1

I am using XML DOM techniques to build a pulldown menu in JavaScript.

After I create an <option> node, I append the text that is supposed to appear for that option. The problem I am facing is that when the text contains character entity references (CERs) such as &#8322; the & character of the CER is being escaped to &amp;, so that the CER and not the character is displayed in the select menu when the menu is outputted to the page for display.

I have tried both of the following methods: optionNode.appendChild(xmlDoc.createTextNode(label)); and

optionNode.textContent = label;

And both give the same result. I can work around the problem by doing a global replace of &amp; with & after I output the XML document to text:

var xml = (new XMLSerializer()).serializeToString(xmlDoc);
return xml.replace(/&amp;/g, '&');

But I'm sure there must be a way to avoid the escaping in the first place. Is there?

Peter Mortensen
  • 30,738
  • 21
  • 105
  • 131

2 Answers2

0

You could use createCDATASection() instead of createTextNode()

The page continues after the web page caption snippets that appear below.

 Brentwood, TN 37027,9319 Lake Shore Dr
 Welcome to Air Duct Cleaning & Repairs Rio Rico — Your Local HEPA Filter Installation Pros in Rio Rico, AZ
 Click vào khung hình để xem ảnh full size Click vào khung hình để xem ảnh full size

var docu = new DOMParser().parseFromString('<xml></xml>',  "application/xml")
var cdata = docu.createCDATASection('Some <CDATA> data & then some');
docu.getElementsByTagName('xml')[0].appendChild(cdata);

alert(new XMLSerializer().serializeToString(docu));
// Displays: <xml><![CDATA[Some <CDATA> data & then some]]></xml>
Mads Hansen
  • 63,927
  • 12
  • 112
  • 147
  • That has the same problem. – Quentin Mar 21 '18 at 20:48
  • Yes, I tried that, but then my string output contains <![CDATA[...]]>, which appears in the pulldown menu, so I am back to doing a global replace. – Robert B. Grossman Mar 23 '18 at 00:48
  • Well, it sounds like you don’t want an XML serialization then if CDATA and entities are a problem. How are you reading or applying the output? It should be “read” and interpreted without issue, unless you are not using XML apis to read. – Mads Hansen Mar 23 '18 at 00:53
  • As I said, I am building a pulldown menu, where the options displayed to the user may contain character entity references. I append the string obtained from the XMLSerializer to a larger string of HTML, and I then use innerHTML to put the larger string (including the pulldown menu) on the page. If the XML output from the serializer contains &#8322; (for example), it appears in the pulldown menu as ₂. If the XML output contains <![CDATA[...]]>, it appears explicitly as well. – Robert Grossman Mar 28 '18 at 21:10
0

I found a solution. Before I create a node containing label, I convert all the character entity references in label to Unicode characters. Then, when I output the xml as a String, I convert all the Unicode characters back to character entity references. Code is adapted from code that I found elsewhere on Stack Overflow.

function cerToUnicode(str) {
    "use strict";
    var entity_table = {
       '&quot;': String.fromCharCode(34), // Quotation mark. Not required
       '&amp;': String.fromCharCode(38), // Ampersand
               '&lt;': String.fromCharCode(60), // Less-than sign
       '&gt;': String.fromCharCode(62), // Greater-than sign
       '&nbsp;': String.fromCharCode(160), // Non-breaking space
       '&iexcl;': String.fromCharCode(161), // Inverted exclamation mark
       ... // other named CERs
   };
   str = str.replace(/&#(\d+);/g,
       function (matched, capture1) {
           return (capture1 == '38' ? '&amp;' : String.fromCharCode(capture1));
       });
   str = str.replace(/&[^;]*;/g,
       function (matched) {
           return entity_table[matched];
       });
   return str;
} // cerToUnicode()

function unicodeToCER(str) {
    return str.replace(/./gm, function(s) {
        var code = s.charCodeAt(0);
        return (code < 128 ? s : "&#" + code + ";");
    });
} // unicodeToCER()